Karen Hunt huntkc at gmail.com
Wed Nov 15 12:08:54 GMT 2017


On Tue, Nov 14, 2017 at 10:31 PM, A. Marina Fournier <saffronrose at me.com>
wrote:

>
> On Nov 09, 2017, at 08:12 PM, Beatrice_Otter <
> beatrice_otter at haugensgalleri.com> wrote:
>
> Beatrice (and any other neurodiverse folks on the list): when you were
> young, were adults, such as friends of your parents, or neighbors, any
> easier to communicate with?
>

Not sure what you're asking... I'm diverse in several ways, including neuro
(also somewhat genderfluid/trans and other things).

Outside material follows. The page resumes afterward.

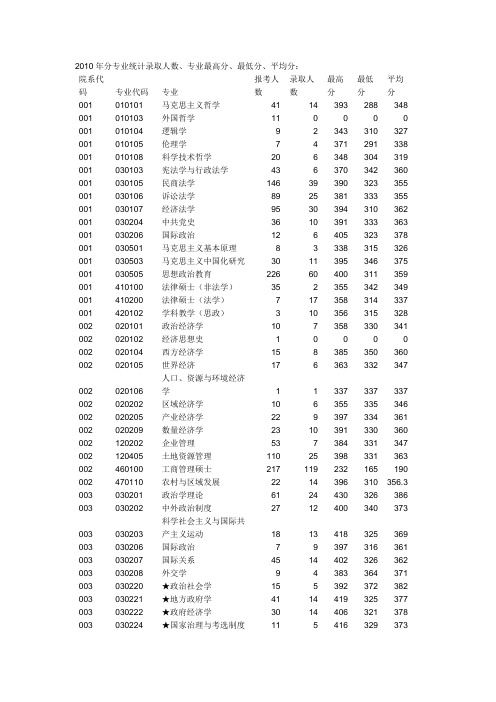 2010年分专业统计录取人数、专业最高分、最低分、平均分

Parents were punitive, and I never could get across that I wasn't able to
be the way they wanted me to be. Other adults ...  My kindergarten teacher
couldn't get me to talk and was worried about that. My first grade teacher
sent me back to lower reading group because I wouldn't read out loud, but
she let me go back when I finished all the lower readers the second time,
and I did try harder to speak up after that. And I remember my 2nd grade
report card where the teacher wrote how happy she was that my grades were
worse because I was finally less anxious in the class. These were actually
good teachers dealing with my problems not too badly - I did need to learn
to talk in school (selective mutism is the term people use nowadays for
that, and there weren't established ways to treat it yet. It's handled
better now, judging from how my daughter's situation was managed in her
first years of school).

Getting bullied in later years mostly produced adults saying "from now on
you'll be friends", which ... let's go with saying that doesn't work and
leave it at that.

There were good adults from time to time, but I was a military brat - we
moved every few years, so none of them lasted long. There were also ... not
good adults. Kids who are strange are at greater risk of sexual abuse,
especially if people think the kid is likely to not talk about it.